# SOURCE DATA:

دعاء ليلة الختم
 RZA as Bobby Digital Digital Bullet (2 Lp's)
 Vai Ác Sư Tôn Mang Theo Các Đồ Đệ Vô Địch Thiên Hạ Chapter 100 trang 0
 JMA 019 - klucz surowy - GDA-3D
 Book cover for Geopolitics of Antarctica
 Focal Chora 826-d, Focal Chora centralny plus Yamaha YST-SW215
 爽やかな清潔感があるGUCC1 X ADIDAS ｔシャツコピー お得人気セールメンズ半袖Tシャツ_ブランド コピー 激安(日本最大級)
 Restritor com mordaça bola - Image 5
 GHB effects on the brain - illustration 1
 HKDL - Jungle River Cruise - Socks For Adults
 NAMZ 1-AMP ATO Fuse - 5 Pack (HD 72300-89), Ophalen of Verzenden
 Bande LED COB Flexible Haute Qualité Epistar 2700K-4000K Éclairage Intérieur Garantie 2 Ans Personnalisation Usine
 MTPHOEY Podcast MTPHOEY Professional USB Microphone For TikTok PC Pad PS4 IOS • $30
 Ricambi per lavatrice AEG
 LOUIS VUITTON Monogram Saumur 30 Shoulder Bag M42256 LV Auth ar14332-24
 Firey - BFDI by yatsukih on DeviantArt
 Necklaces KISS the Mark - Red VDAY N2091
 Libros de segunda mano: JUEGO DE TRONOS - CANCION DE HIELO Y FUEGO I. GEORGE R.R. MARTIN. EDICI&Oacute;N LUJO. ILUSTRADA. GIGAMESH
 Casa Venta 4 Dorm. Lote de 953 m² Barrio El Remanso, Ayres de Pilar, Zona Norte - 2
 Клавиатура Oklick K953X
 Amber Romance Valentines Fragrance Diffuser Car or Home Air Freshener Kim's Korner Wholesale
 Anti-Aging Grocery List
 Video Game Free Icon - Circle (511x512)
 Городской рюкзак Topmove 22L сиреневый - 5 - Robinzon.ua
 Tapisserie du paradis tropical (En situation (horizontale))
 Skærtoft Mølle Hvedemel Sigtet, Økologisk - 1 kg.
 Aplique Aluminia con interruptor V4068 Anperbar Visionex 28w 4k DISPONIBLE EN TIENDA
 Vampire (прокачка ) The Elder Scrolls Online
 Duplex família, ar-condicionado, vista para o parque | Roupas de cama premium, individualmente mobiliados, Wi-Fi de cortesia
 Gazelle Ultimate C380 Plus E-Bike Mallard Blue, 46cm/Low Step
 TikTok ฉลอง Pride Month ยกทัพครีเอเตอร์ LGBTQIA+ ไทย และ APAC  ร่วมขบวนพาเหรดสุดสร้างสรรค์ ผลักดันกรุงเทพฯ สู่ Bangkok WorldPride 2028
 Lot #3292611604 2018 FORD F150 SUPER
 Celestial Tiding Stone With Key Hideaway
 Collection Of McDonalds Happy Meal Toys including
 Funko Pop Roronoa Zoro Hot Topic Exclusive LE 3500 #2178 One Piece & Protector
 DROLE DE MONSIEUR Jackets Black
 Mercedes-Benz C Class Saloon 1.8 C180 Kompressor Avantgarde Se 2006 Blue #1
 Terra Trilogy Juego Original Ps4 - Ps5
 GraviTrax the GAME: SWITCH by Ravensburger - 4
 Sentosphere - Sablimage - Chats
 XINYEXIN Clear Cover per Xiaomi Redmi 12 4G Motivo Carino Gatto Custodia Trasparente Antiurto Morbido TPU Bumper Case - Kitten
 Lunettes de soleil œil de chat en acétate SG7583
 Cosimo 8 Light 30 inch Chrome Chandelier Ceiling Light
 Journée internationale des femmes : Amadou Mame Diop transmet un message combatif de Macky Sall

# TASK INSTRUCTIONS:
Looking only at the entries, count the lines that contain the word "Blue", then state that count and nothing else.

# FINISHED TASK:
2